One of our clients, Richard Sobel, recently made the news! At the Illinois Masters Championships in Sterling, Illinois in February, Richard set a new meet master’s record for his age cohort at 4’10”. This broke the previous mark set in 2010 and exceeded the national All American Standard for his cohort of 4’9. His jump of 4’10 (1.47m) is an age-graded equivalent of 6’10 1/4 inches, or over 4 inches higher than he jumped during college. Sobel was a varsity track and field team member at both New Trier and Princeton. He is also writing a book about his track & field career, “Raising the Bar, An Upwards Memoir.” Congrats to Richard!
FOOD FOR THOUGHT (from IDEA Fitness Journal, March 2013
Do you want your kids to perceive you as a lovable and talented dinner chef? Try adding vegetables to the nighttime meal.
In a recent study, published online by Public Health Nutrition (2012 [1–7]; doi: http://dx.doi.org/10.1017/S1368980012004673), researchers discovered that meal preparers were rated higher on qualities such as “loving,” “thoughtful,” “attentive” and “capable” when they included vegetables with the meal.

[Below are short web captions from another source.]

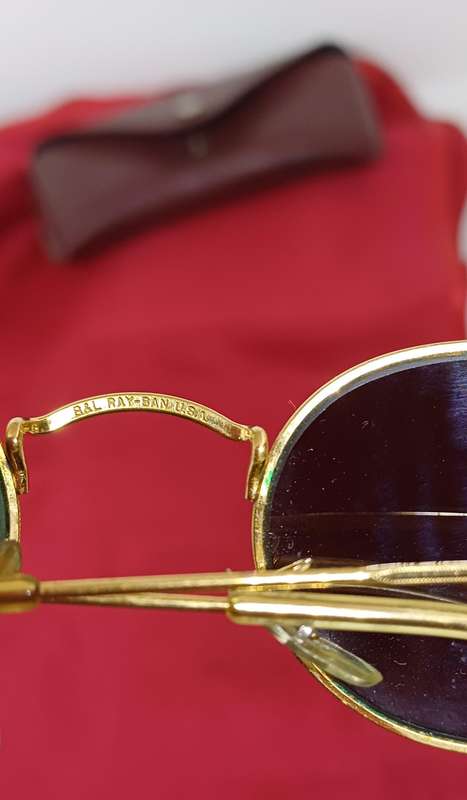 B & L  RAY-BAN USA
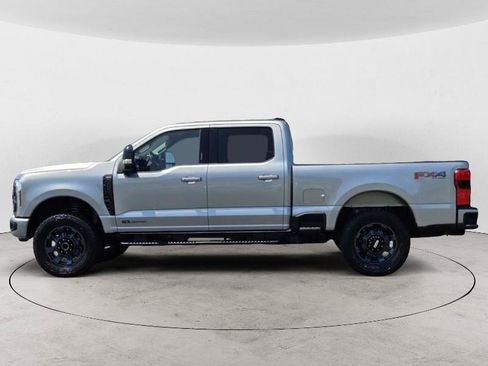Used 2024 Ford F250 Lariat w/ Lariat Ultimate Package AWD/4WD image 6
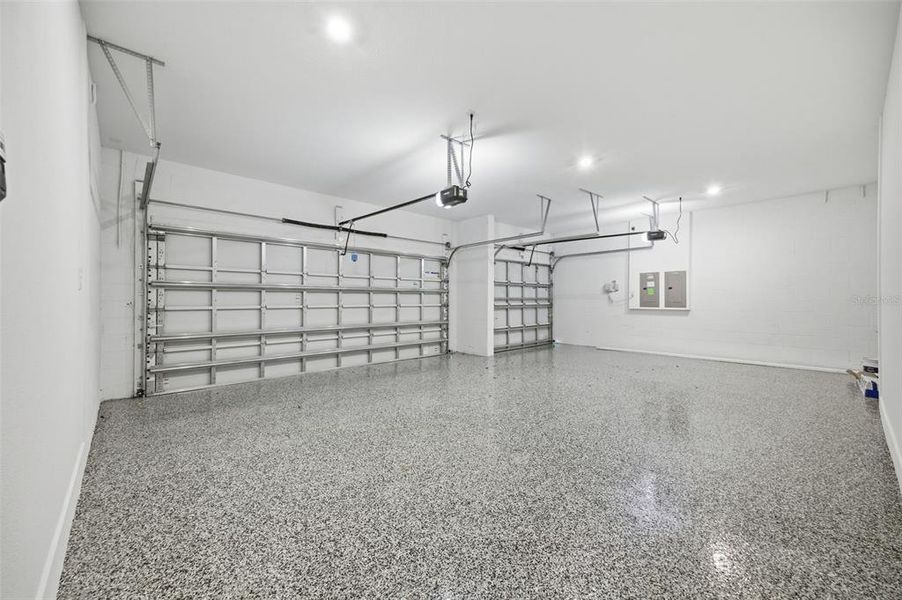 Spacious, unfurnished interior of a new home in , Tampa (Image 24).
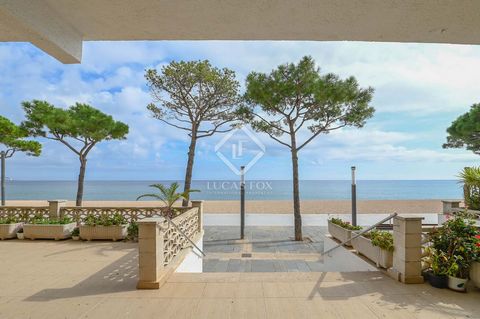 El apartamento, ubicado en primera línea de playa en Playa de Aro, está situado en la planta 13 y ofrece unas vistas impresionantes al mar. La propiedad cuenta con 2 habitaciones luminosas y un baño completo, salón, una cocina y lavadero. Incluye una...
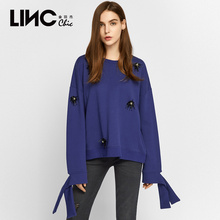 LINC金羽杰2018秋新款立体钉钻花朵套头卫衣女短款宽松潮8311480图片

In one part of the study, participants evaluated the tastiness of the entree and the entire meal. When vegetables were included, the food received higher ratings. For example, steak by itself was rated as a 7.00, while steak with broccoli scored 8.08.
In the second part of the study, participants evaluated the personality of the unknown cook who either did or did not include vegetables with the dinner.
Cooks who served vegetables were seen as less “lazy” and better at “making the meal,” both for the experience and for the taste quality. The non-vegetable chefs scored 7.00 for “loving” and were rated higher for being “neglectful,” “selfish” and “boring,” while those who included veggies scored a 7.92 for “loving.”
With over 70% of vegetables consumed at dinner, and only 23% of dinners including vegetables, it may be time to intentionally link popularity with healthful veggies!
A major cause of overeating these days is distorted portion sizes. Many people do not know what a correct portion size is, partly due to restaurants serving gigantic portions. The United States Department of Agriculture (USDA) has developed the MyPlate diagram to try to combat this issue. MyPlate was designed to provide people with an easy way to build a healthy plate. The basic idea is to use a plate that is no larger than nine inches in diameter and then designate specific areas for each food group. To determine how much you need of each food group visit ChooseMyPlate.gov.
Below are ways to quickly determine portion sizes using just your hands or commonly seen items.
1/2 cup cooked rice = tennis ball
1 cup of pasta/spaghetti (2 ounces) = a fist
1 cup of cereal flakes (1 ounce) = a fist
1 medium baked potato (1 cup) = computer mouse/fist
1 medium size fruit = tennis ball/fist
1 oz. cheese = thumb (tip to base)
1 cup of ice cream = baseball
3 oz. cooked meat, fish, poultry = your palm/deck or cards/cassette tape
1 tsp. butter/margarine = stamp
1 TBSP regular salad dressing = ping-pong ball
2 TBSP peanut butter = ping-pong ball
1 oz. of nuts = one cupped hand
1 oz. of pretzels = two cupped hands
GET UP AND OUT
Spring is coming (trust me) and there will soon be no more excuses not to go outside and enjoy outdoor activities. If you have been hibernating most of the winter, take it slow, but do get out there!